Traveling Back From Nakaba
*quick note: My language group (4 trainees and our LCF, Pierre) traveled to Nakaba, a village in the east of Burkina, to spend the weekend with a current volunteer in order to learn a little about what she does and how she lives as a volunteer (a trip called Demyst, or Demystification). This was what I wrote about our travel day back home.

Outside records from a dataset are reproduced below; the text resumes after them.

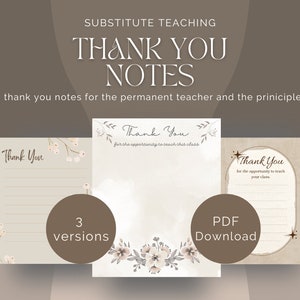 Thank You Note from Substitute Teacher for the permanent teacher or the principle note for teacher thank you Substitute teacher tool supply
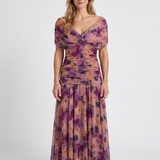 Robe Midi Décontractée À Épaules Dénudées Pour Femmes
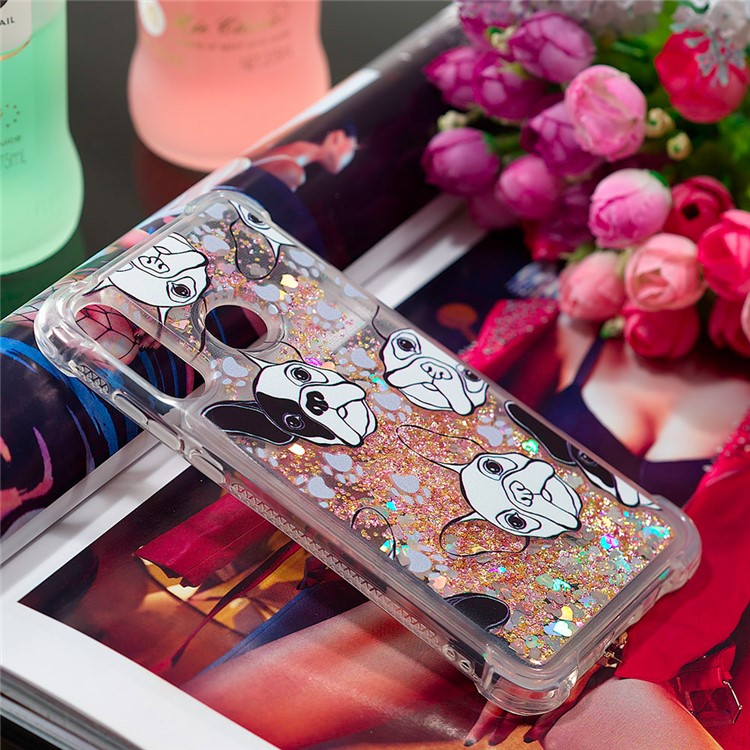 Liquid Glitter Powder Patterned Quicksand Shockproof TPU Back Case for Huawei P30 Lite / nova 4e - Dog-7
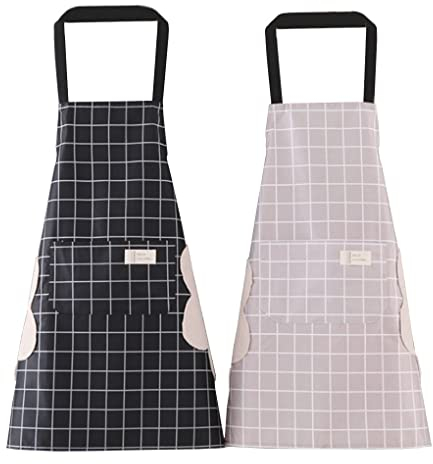 Delantal de Cocina de 2 Piezas para Hombres y Mujeres, Impermeable Con 2 Bolsillos, para Barbacoa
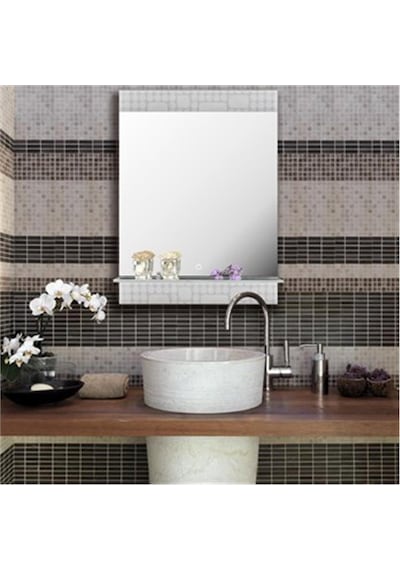 Vitale Doru Ledli Raflı Banyo Aynası Ak.l-145w3-s Krom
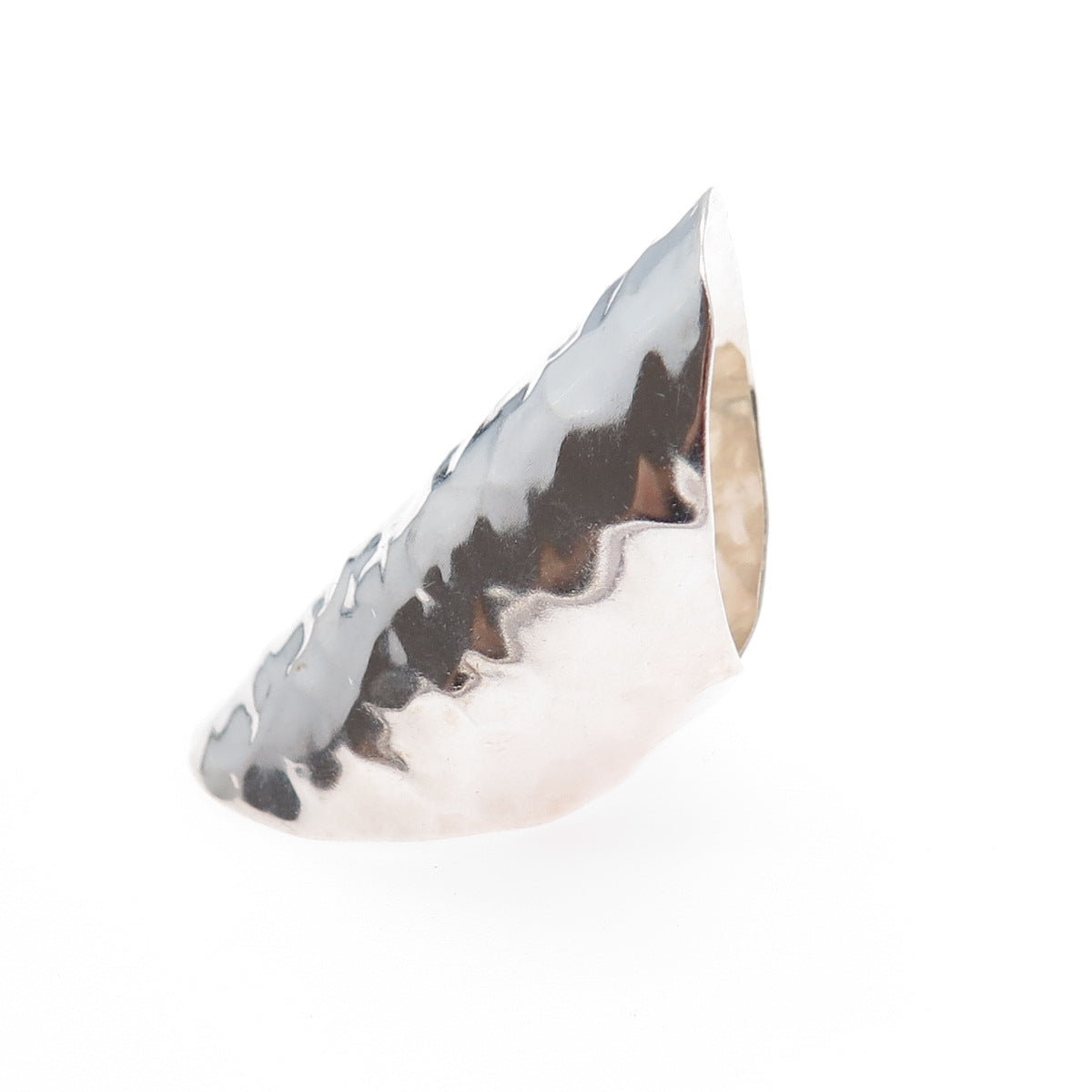 925 Sterling Silver Vintage Mexico Modernist Hammered Adjustable Ring Size 6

1 November – Romongo 8:55pm
It's just past 7am. The misty fields that we are passing could have been straight out of a drive though the wilds of Scotland, with the errant tree breaking up untended fields of tall grasses. Then you notice the cows – short haired, a bit skinny, and with that distinctive large lump sticking up between their shoulder blades. Still not sure what that's for. I return my concentration to the red dirt path in front of me (pure Africa), trying to keep my tires in line with the part where it's brightest, indicating where all the bikes tend to travel and have pounded the gray gravel surface into a fine red powder. The bike ride from Nakaba back to the main paved highway is just noticeably uphill and we all keep downshifting to make it easier as we sweat under the weight of our large backpacks. We cross over 7 reinforced washes, places where the dirt path has been paved in concrete because it dips down to allow water during the rainy season to flow from one side of the path to the other (now I'm thinking about driving in Tucson). There are short concrete posts lining the edges, bottom half white, top half red, and I wonder how people use them to determine if the water level is safe to cross seeing as each post is the same height and has the same amount painted each color, regardless if it's at the lowest point or the highest point of the paved area.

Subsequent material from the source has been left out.